The response should contain only the line with "Black menâ€™s thong" and every line after it to the end of the listing below, duplicated exactly; no picture belongs in it.

> DATA SHOWN:
##############################
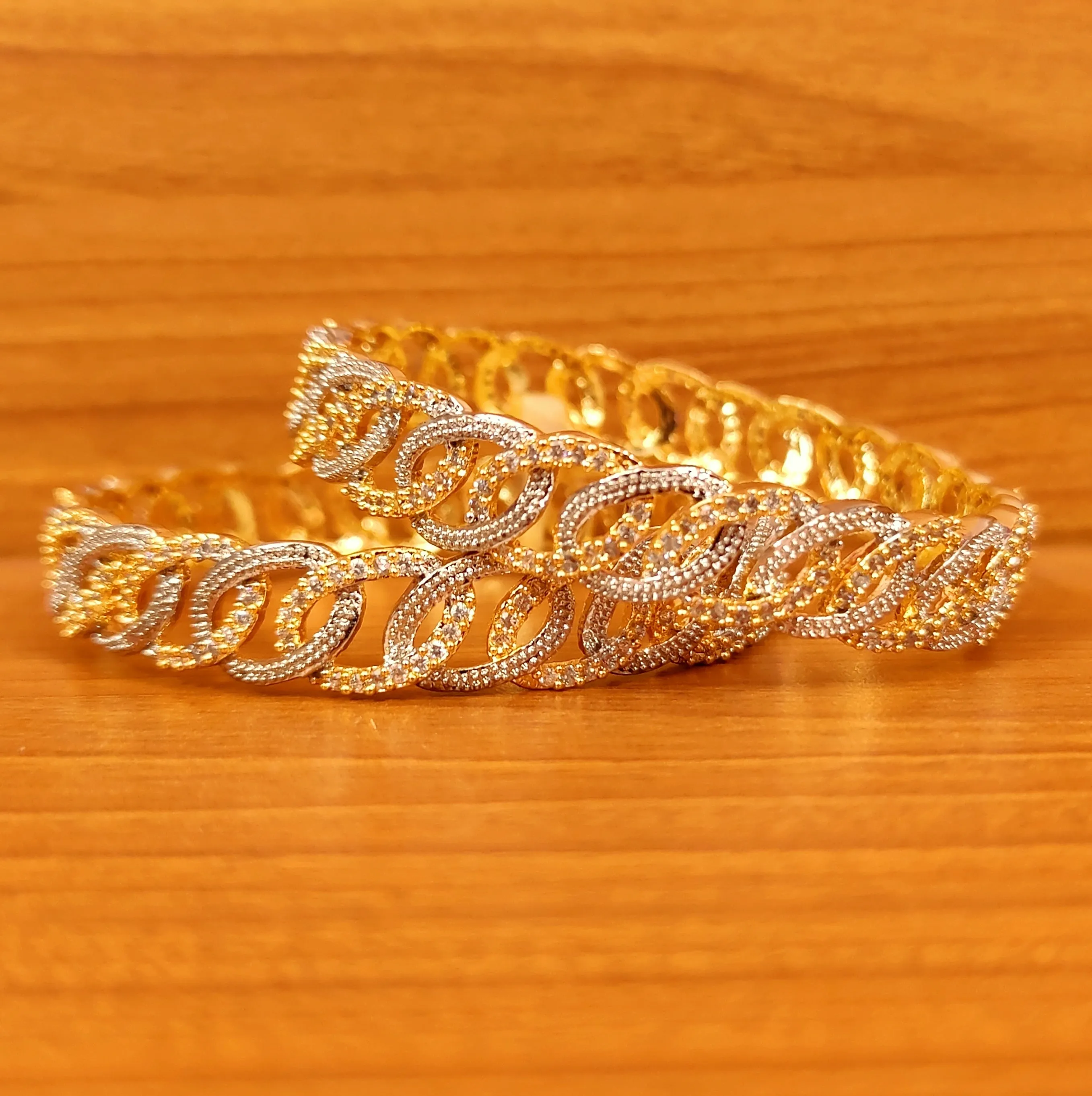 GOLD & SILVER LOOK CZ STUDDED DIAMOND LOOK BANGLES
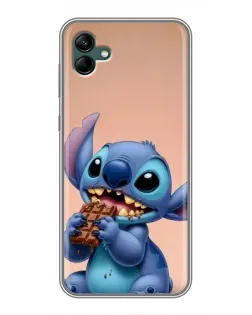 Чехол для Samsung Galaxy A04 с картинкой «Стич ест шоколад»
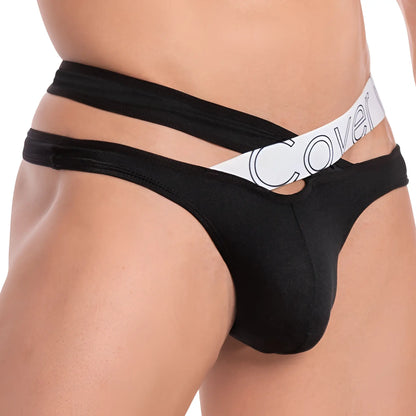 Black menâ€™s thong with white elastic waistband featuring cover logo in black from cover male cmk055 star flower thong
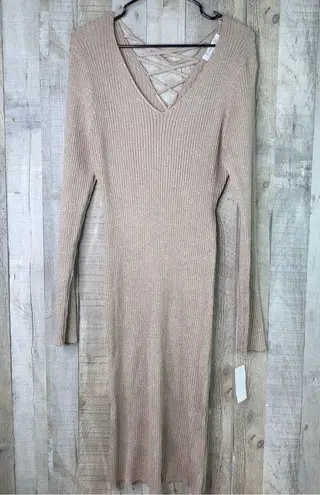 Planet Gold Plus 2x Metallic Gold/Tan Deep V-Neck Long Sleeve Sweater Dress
##############################
> ANSWER TO THE PROBLEM:
 Black menâ€™s thong with white elastic waistband featuring cover logo in black from cover male cmk055 star flower thong
 Planet Gold Plus 2x Metallic Gold/Tan Deep V-Neck Long Sleeve Sweater Dress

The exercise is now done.